▶ Exercise goal:
Whatever pictures the entries hold, omit them, and output exactly the lines from the one containing "1_bedroom_apartment_suite_loggia_papieri_cham_citystay" through the final line.

Image-caption web data:
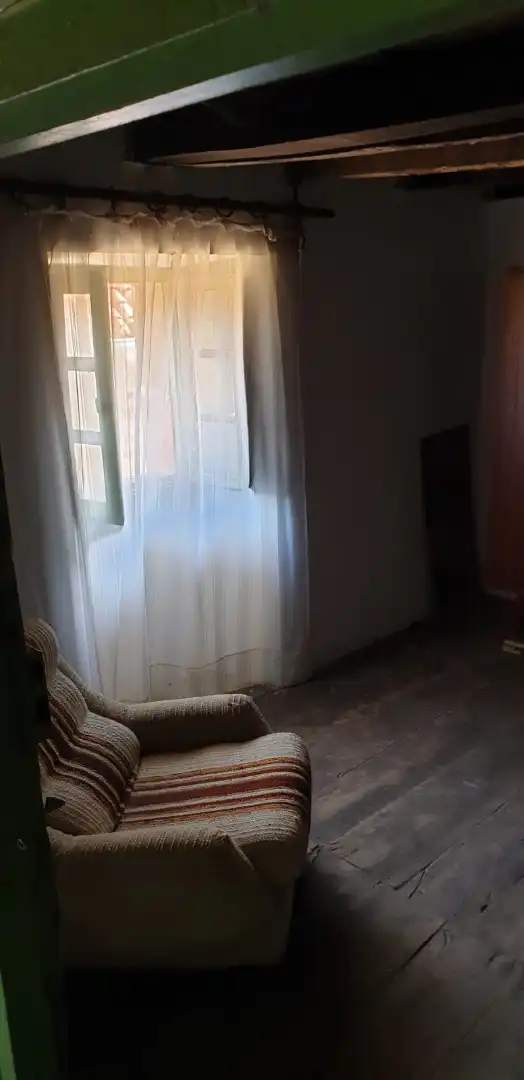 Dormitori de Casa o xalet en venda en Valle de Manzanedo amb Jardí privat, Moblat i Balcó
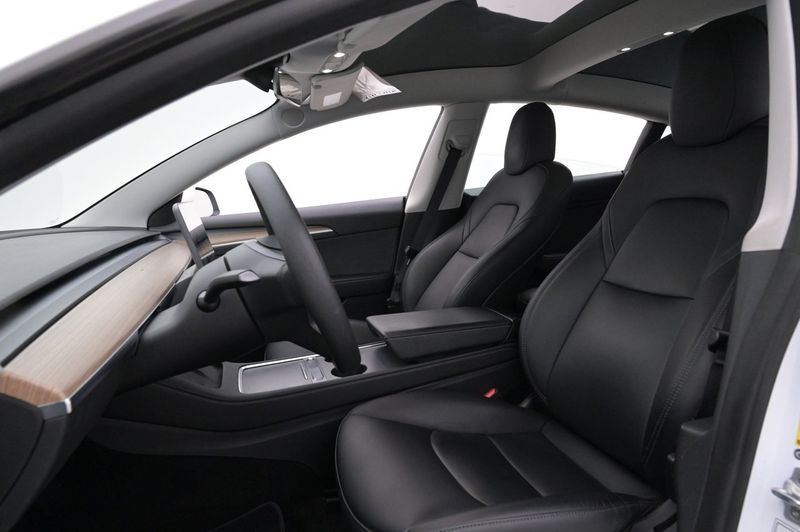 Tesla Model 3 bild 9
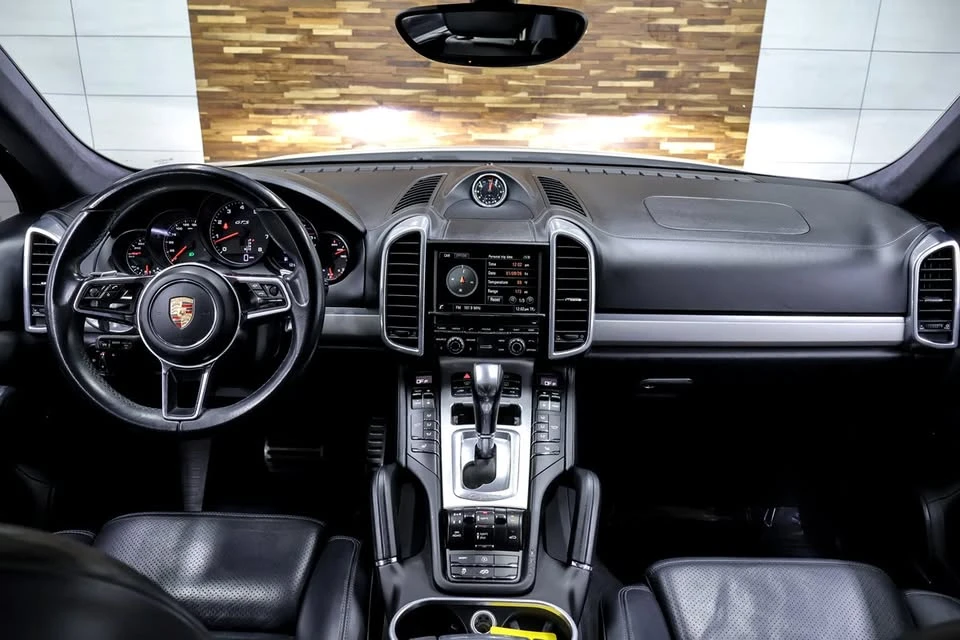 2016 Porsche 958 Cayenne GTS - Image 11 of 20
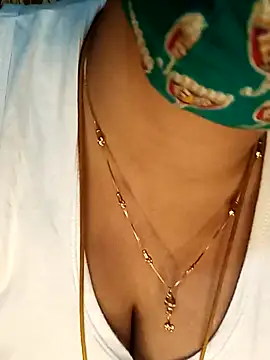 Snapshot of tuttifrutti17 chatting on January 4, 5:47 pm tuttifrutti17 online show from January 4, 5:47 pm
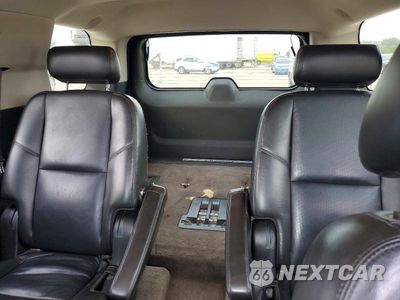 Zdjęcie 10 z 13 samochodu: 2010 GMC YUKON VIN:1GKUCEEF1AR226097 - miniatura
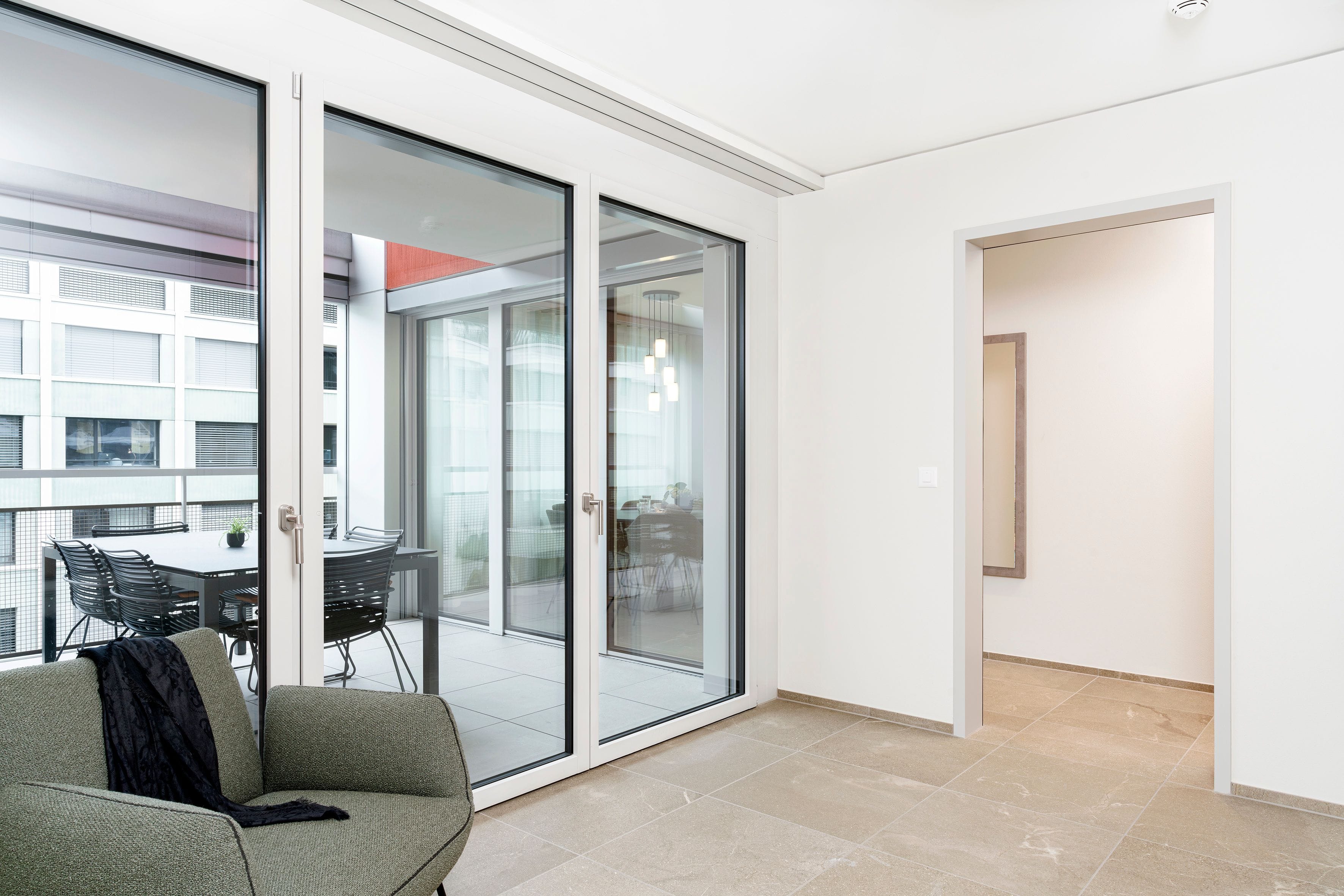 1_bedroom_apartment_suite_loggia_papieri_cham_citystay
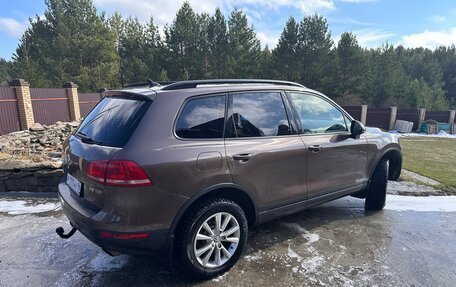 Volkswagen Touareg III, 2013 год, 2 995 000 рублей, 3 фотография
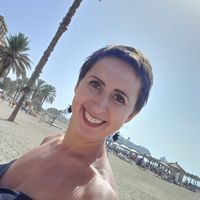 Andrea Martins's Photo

▶ Solved problem:
 1_bedroom_apartment_suite_loggia_papieri_cham_citystay
 Volkswagen Touareg III, 2013 год, 2 995 000 рублей, 3 фотография
 Andrea Martins's Photo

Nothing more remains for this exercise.